Two lines mark the range in the entries below: the one holding "a hotel room" and the one holding "2128 Cluster Lane". Set down those two and all lines between them, exactly.

Provided entries -
*** Block opens ***

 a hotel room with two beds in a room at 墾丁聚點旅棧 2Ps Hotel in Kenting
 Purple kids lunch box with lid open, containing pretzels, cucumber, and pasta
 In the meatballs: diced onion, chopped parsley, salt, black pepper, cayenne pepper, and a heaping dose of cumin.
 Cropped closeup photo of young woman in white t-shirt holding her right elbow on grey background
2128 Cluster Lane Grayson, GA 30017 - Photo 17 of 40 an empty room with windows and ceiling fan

*** Block closes ***
*** Block opens ***

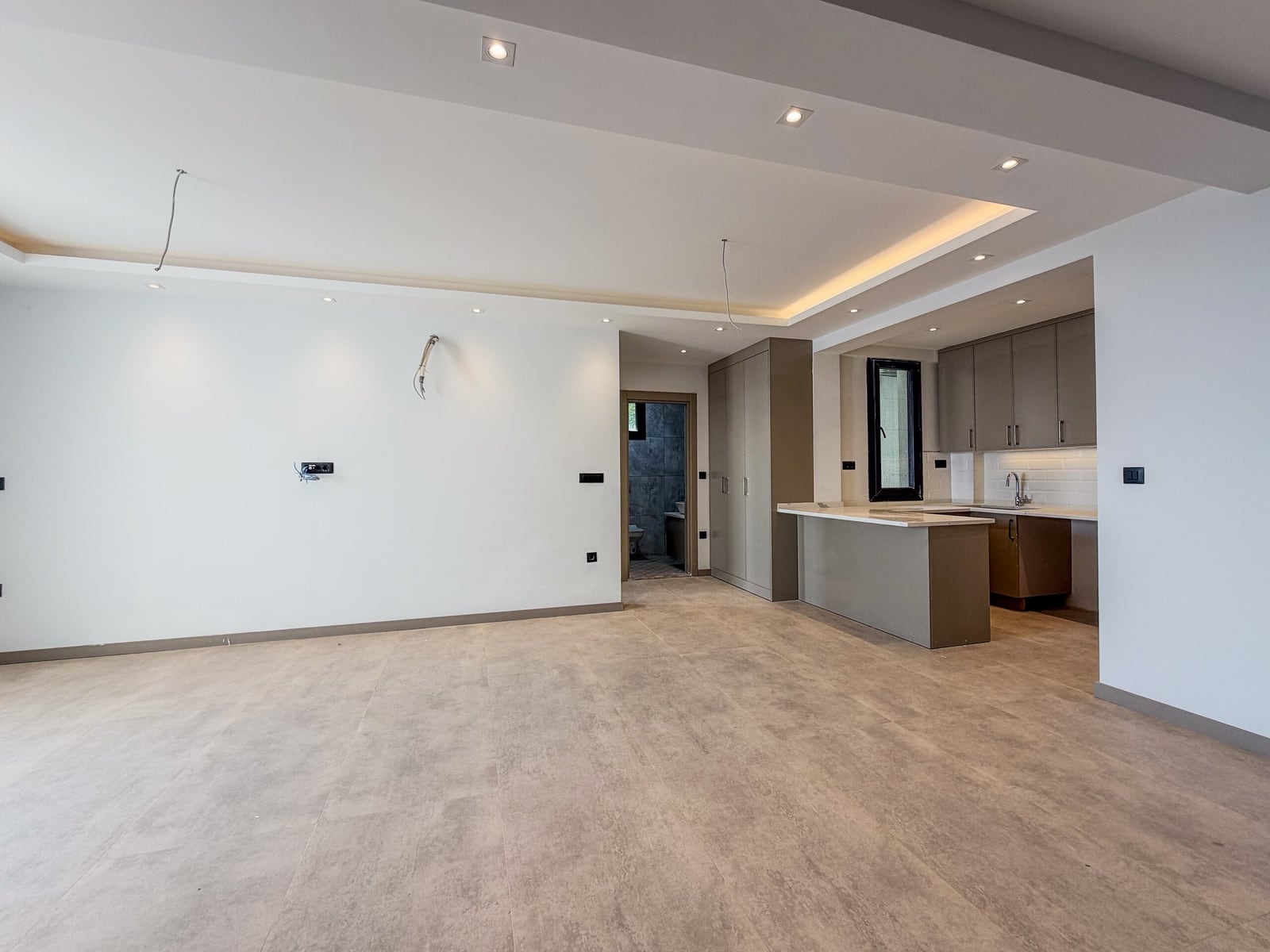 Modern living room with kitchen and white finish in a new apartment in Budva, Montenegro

*** Block closes ***

Finished exercise -
 a hotel room with two beds in a room at 墾丁聚點旅棧 2Ps Hotel in Kenting
 Purple kids lunch box with lid open, containing pretzels, cucumber, and pasta
 In the meatballs: diced onion, chopped parsley, salt, black pepper, cayenne pepper, and a heaping dose of cumin.
 Cropped closeup photo of young woman in white t-shirt holding her right elbow on grey background
2128 Cluster Lane Grayson, GA 30017 - Photo 17 of 40 an empty room with windows and ceiling fan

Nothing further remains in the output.